Stop killing myself slowly by sleeplessness and poor appetite and whatever I have done.
(Isn’t it funny that people never take your word for it, and then they wonder why people cut, bleed and self-harm? It is for control. It is for proof. It is for you to believe what they have been saying all along.)
Horrid things have been happening, and keeps adding to the weight my shoulders bear this year. If you are a close friend of mine, perhaps you already know all there is to it. There’s no need to air it here.
So with this, as the Moon guides my way home and cheerful “I feel like a millionaire” lyrics start filling up this car, I shall will myself to write about the good things this year.
1. I am still in school, and I finished two shows so far. The first one being such an honour to work with a gentle and nurturing teacher. The second one being an act of pure brazenness and I am proud that I did it. Everything I set out to do.
2. Instead of leaving, I chose to stay and work on the relationship I am in. Leaving has always been so easy for me, with so many examples presented in my life, but I am happy so far that I held on. That I recognise how vulnerable love can be, and should be. And I put my money where my mouth is.
3. A small one, but I have a page featured in this up-coming literary book that half the word is featured in anyway. But I’d like to think it is a victory for me to keep working towards my writing.
4. I haven’t jumped off a building, even though it hovers at the back of my mind so casually.
5. Writing letters to the people I love, and care about. That I kept to this tradition I have built for myself, and to force myself into the perspective of always appreciating no matter how much or little I have.
6. My friends are all so far away geographically and sometimes schedule-wise. But always always always so near to my heart and being so loving all the time. As long as I reach out, their hands are always there to lend me strength.
7. Slowly working on new things, starting up creative ideas and flowing with them.
8. Cleared my things and kept only what’s important. Physical decluttering that I have wanted to do for so long, and finally managed to let go of certain sentimentalities that no longer mean anything.
9. Trying my best to cope with life, even though I am doing a lousy job, but the trying part is kind of a good effort la.
10. Not killing this blog. Yet. I kind of wanted to let this go, but now I really use this more for myself than just posting random writes I have. And it helps. And I found enjoyment in it, so I guess this is good.

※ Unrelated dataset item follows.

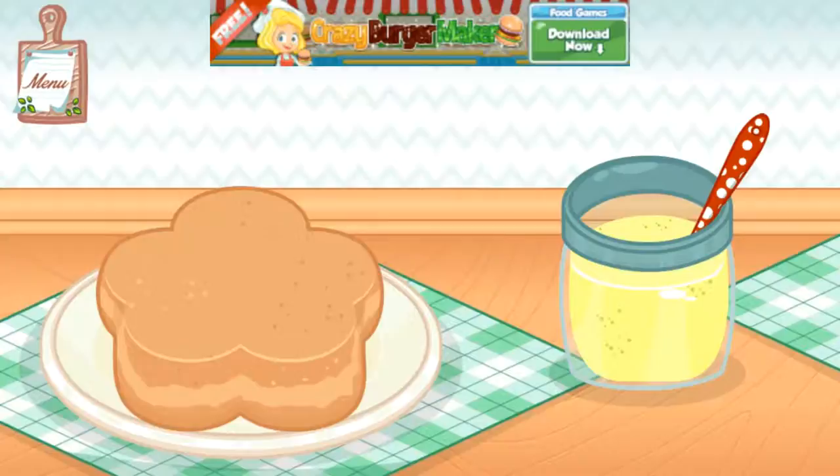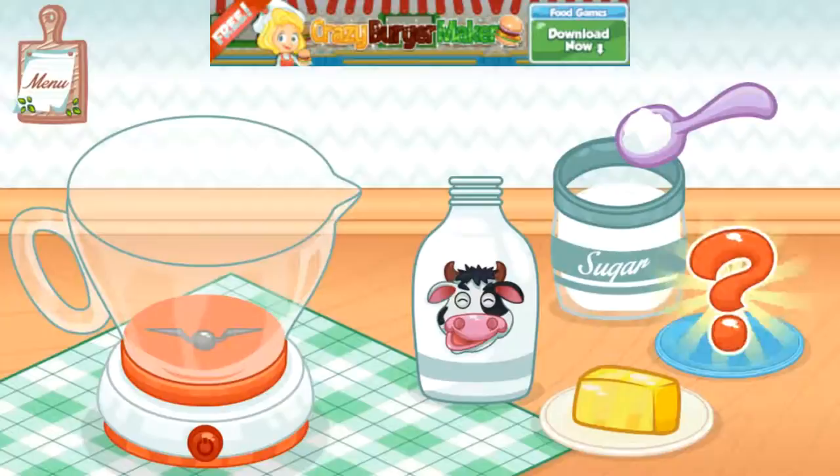Great! Time to make the glaze. Choose your favorite secret ingredient. Add butter, milk, sugar, and your secret ingredients into the blender.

If any of you can think of any good things I should remember, please share with me too. Because nothing actually comes to me at the top of my head at the moment.
But I think these ten are little red flags marking the various months. In some ways, I think I did quite well for someone that feels so much darkness.
Thank you for all your patience, kindness, love and if you understood just a fragment of what I am going through, thank you. It means a lot to me.
A lot of love to all of you. Sincerely.
I will work towards happiness. I will try my best.